(Beginning of Source material)
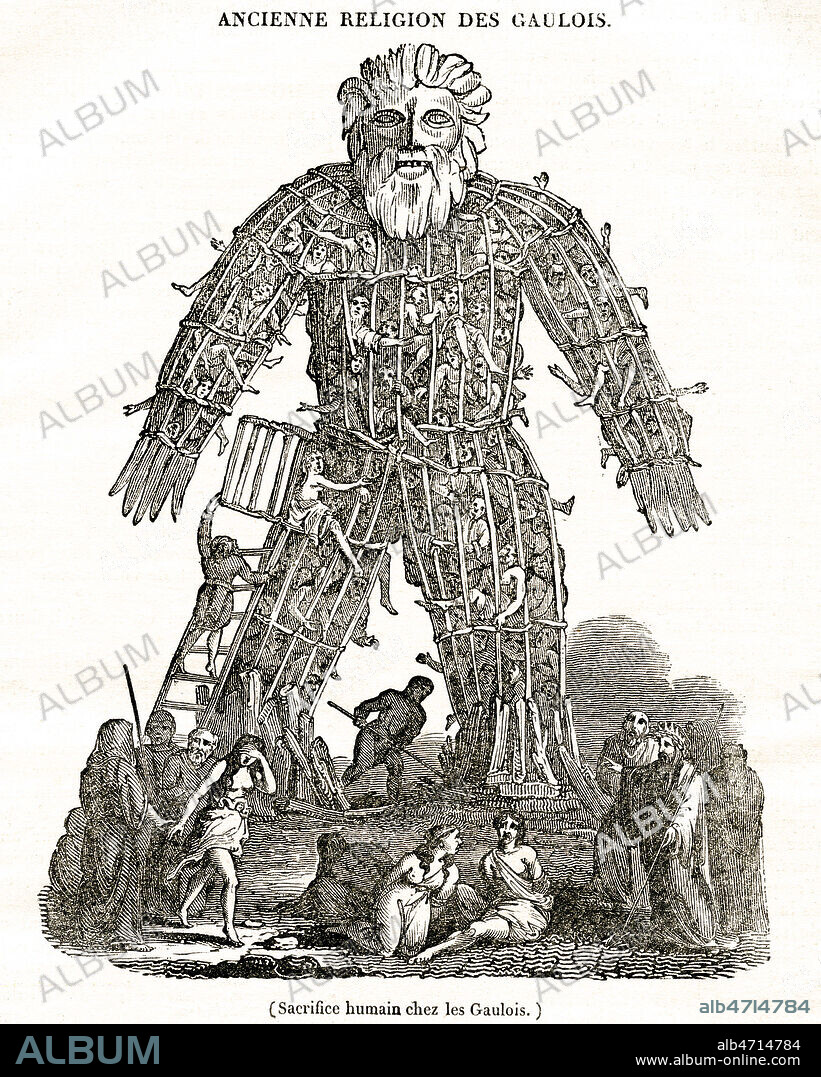 Ancienne religion des gaulois. Sacrifices humains a Toutatis ou Teutates : fabrication d'un enorme mannequins, qu'on remplissait de prisonniers et auquel on mettait le feu. Gravure pour Le Magasin pittoresque de 1833. Credit : Collection KHARBINE-TAPABOR.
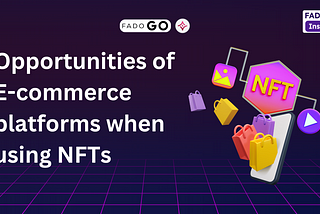 Opportunities of E-commerce platforms when using NFTs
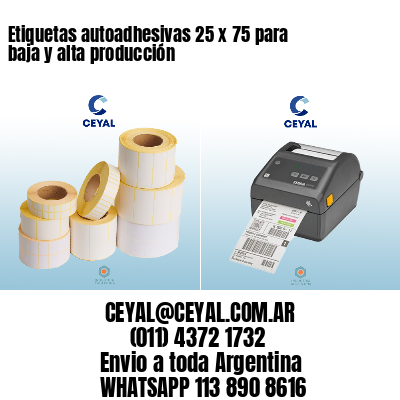 Etiquetas autoadhesivas 25 x 75 para baja y alta producción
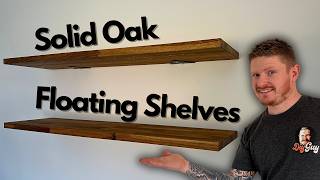 How To Make The Strongest Oak Floating Shelves - Cheap Quick And Easy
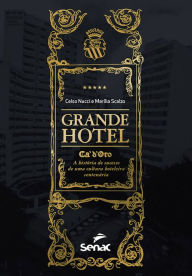 Title: Grande hotel Ca'd'oro: a história de sucesso de uma cultura hoteleira centenária, Author: Celso Nucci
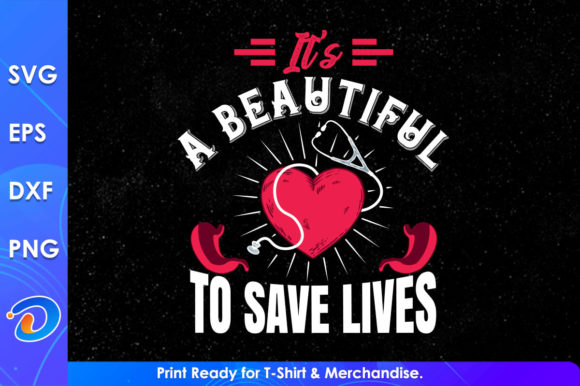 It's a Beautiful Day to Save Lives Nurse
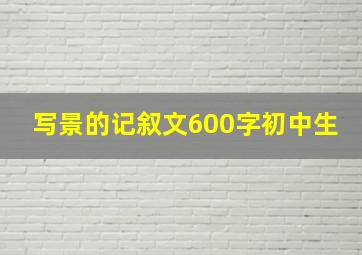 写景的记叙文600字初中生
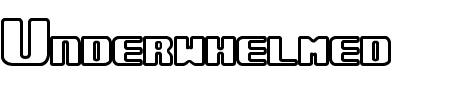 TTF: Underwhelmed Outlined BRK Font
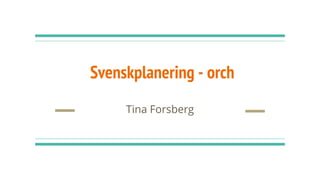 Svenskplanering - orch
Tina Forsberg
 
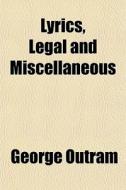 Lyrics, Legal And Miscellaneous di George Outram edito da General Books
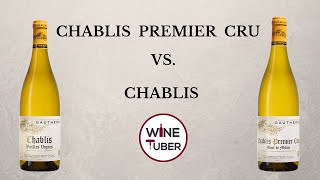 Chablis vs. Chablis Premier Cru. What is so special about Chablis wine?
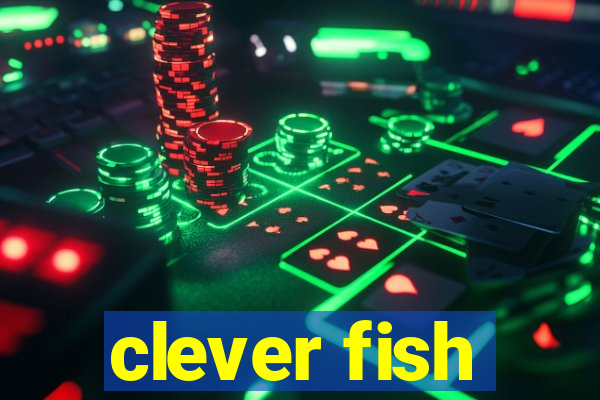 clever fish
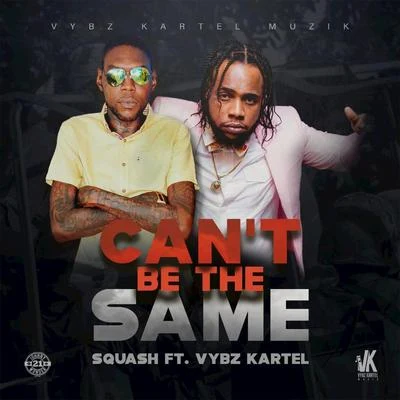 Cant be the Same 專輯 Vybz Kartel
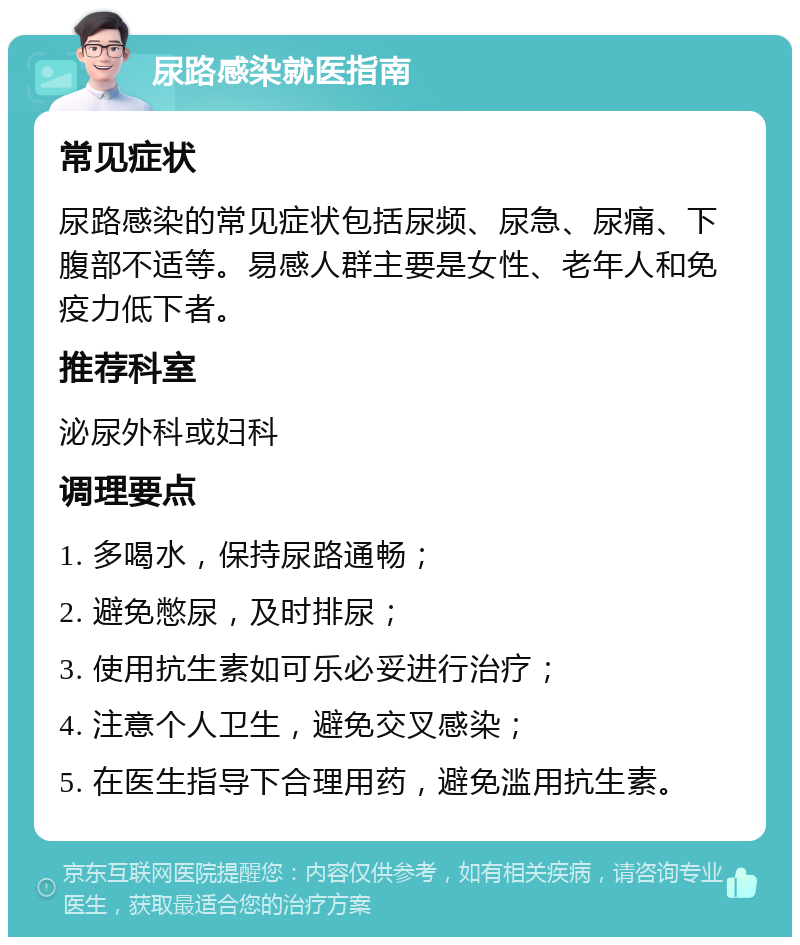 尿路感染就医指南 常见症状 尿路感染的常见症状包括尿频、尿急、尿痛、下腹部不适等。易感人群主要是女性、老年人和免疫力低下者。 推荐科室 泌尿外科或妇科 调理要点 1. 多喝水，保持尿路通畅； 2. 避免憋尿，及时排尿； 3. 使用抗生素如可乐必妥进行治疗； 4. 注意个人卫生，避免交叉感染； 5. 在医生指导下合理用药，避免滥用抗生素。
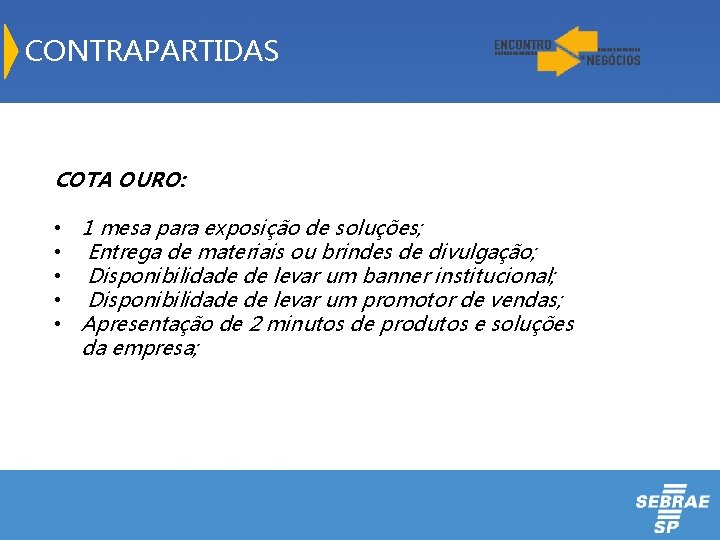 CONTRAPARTIDAS COTA OURO: • 1 mesa para exposição de soluções; • Entrega de materiais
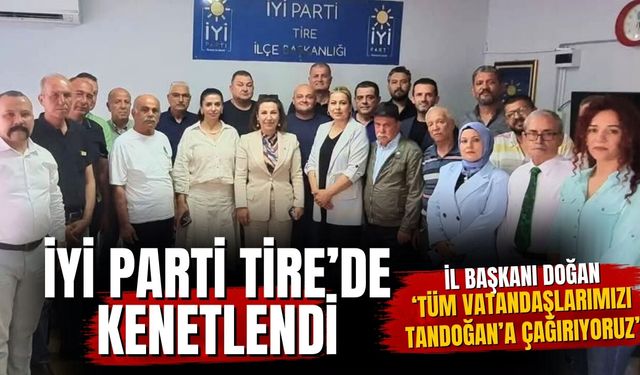 İYİ PARTİ TİRE’DE KENETLENDİ İL BAŞKANI DOĞAN ‘TÜM VATANDAŞLARIMIZI TANDOĞAN’A ÇAĞIRIYORUZ’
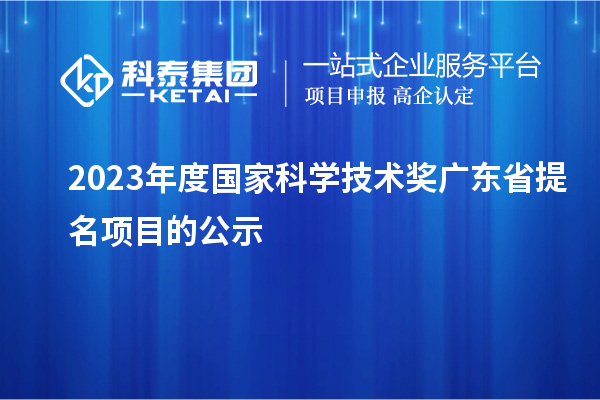 2023年度國家科學(xué)技術(shù)獎廣東省提名項(xiàng)目的公示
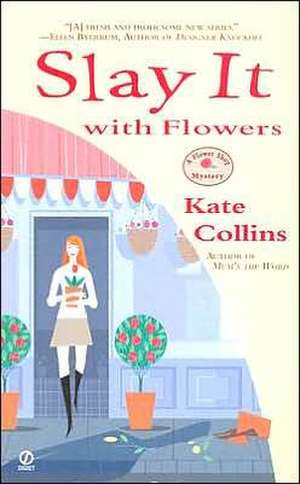 Slay It with Flowers de Kate Collins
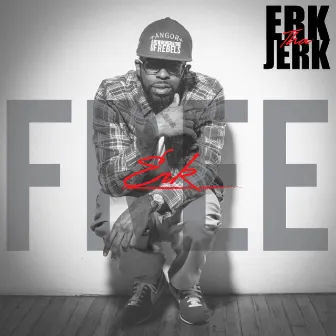 Free Erk by Erk Tha Jerk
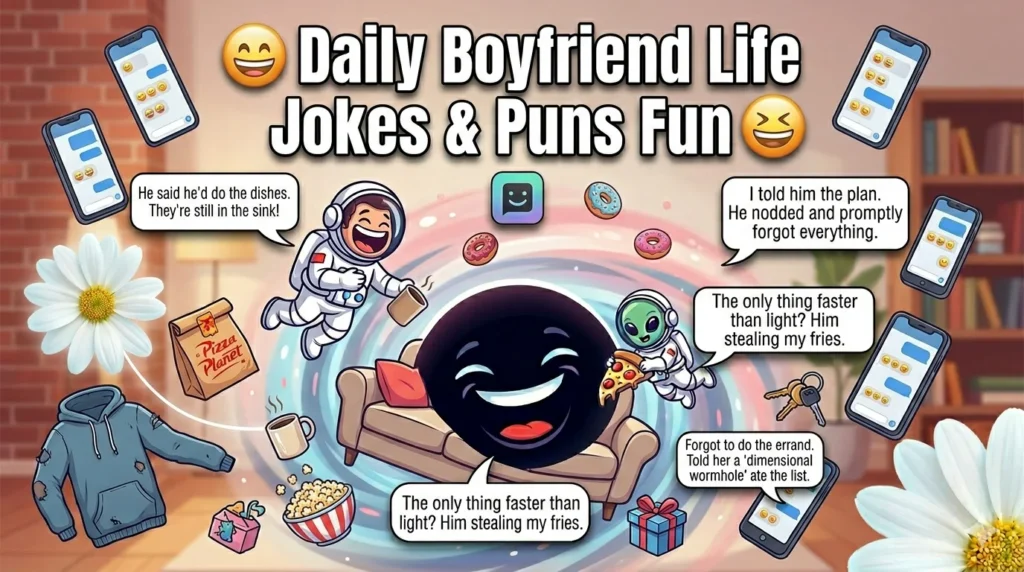 Daily Boyfriend Life Jokes & Puns Fun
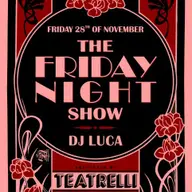 Teatrelli presents The Friday Night Show!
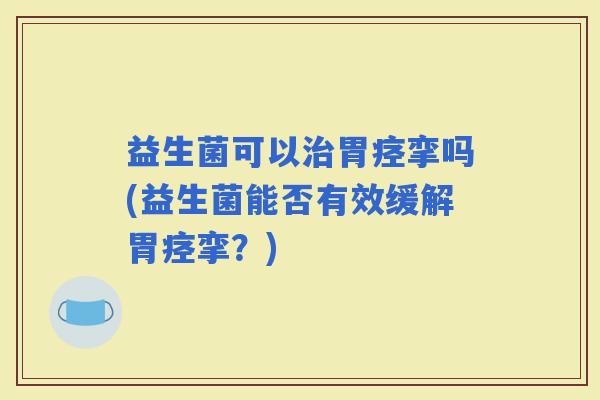 益生菌可以胃痉挛吗(益生菌能否有效缓解胃痉挛？)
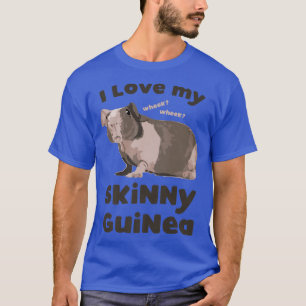 I love my Skinny Guinea Hairless Guinea Pig Lover T-Shirt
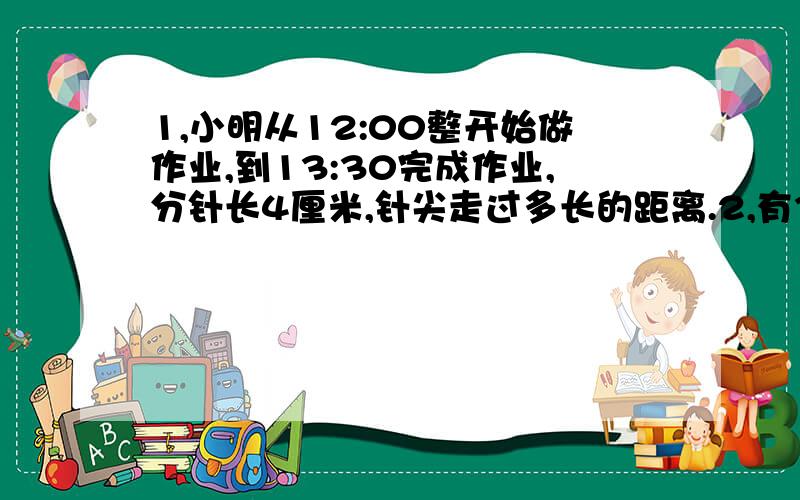 1,小明从12:00整开始做作业,到13:30完成作业,分针长4厘米,针尖走过多长的距离.2,有3根半径是5厘米的钢管,要用铁丝捆起来,至少要用多少厘米的铁丝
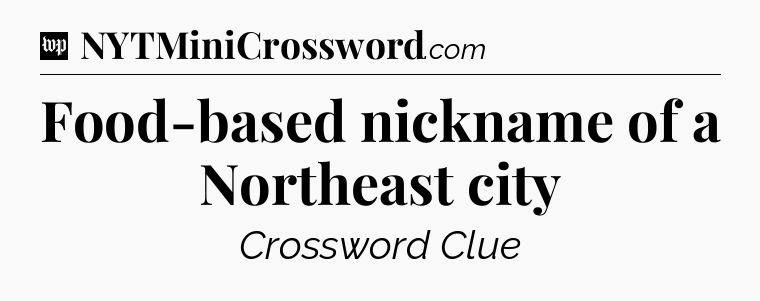 Food-based nickname of a Northeast city Crossword Clue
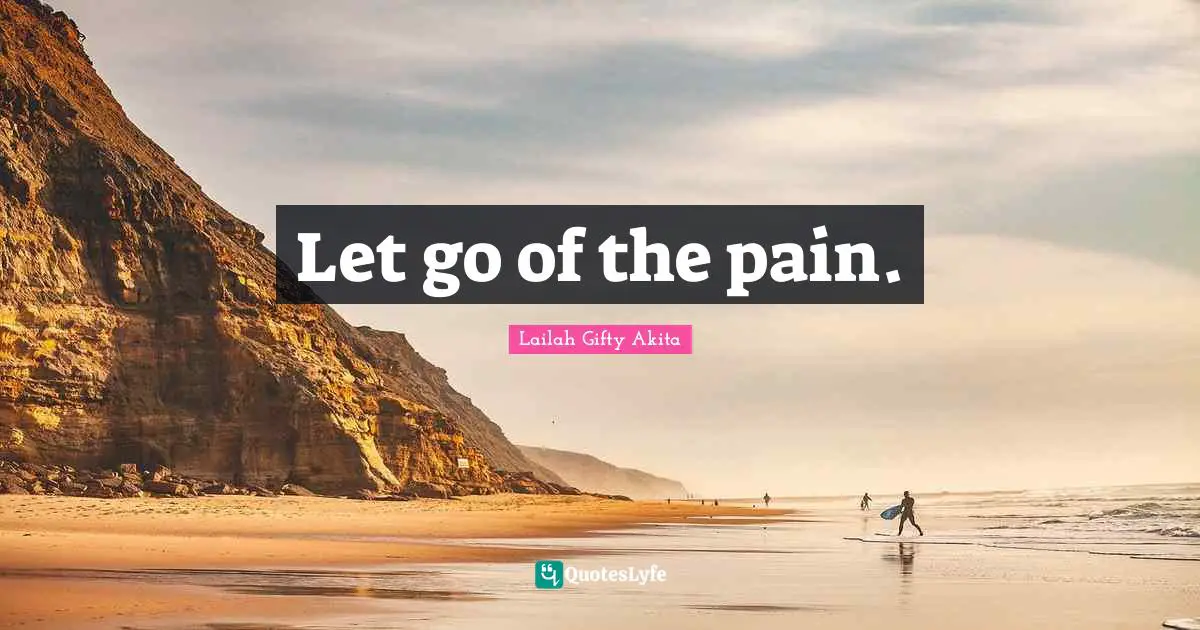 Let go of the pain.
(End of Source material)
# Task objective:
Copy, exactly and exclusively, the lines beginning with the one that contains "Free Erk by Erk Tha Jerk" and ending with the last line of the listing; pictures are to be omitted.

# Exercise solution:
 Free Erk by Erk Tha Jerk
 Daily Boyfriend Life Jokes & Puns Fun
 Teatrelli presents The Friday Night Show!
 益生菌可以胃痉挛吗(益生菌能否有效缓解胃痉挛？)
 I love my Skinny Guinea Hairless Guinea Pig Lover T-Shirt
 1,小明从12:00整开始做作业,到13:30完成作业,分针长4厘米,针尖走过多长的距离.2,有3根半径是5厘米的钢管,要用铁丝捆起来,至少要用多少厘米的铁丝
 Food-based nickname of a Northeast city Crossword Clue
 Let go of the pain.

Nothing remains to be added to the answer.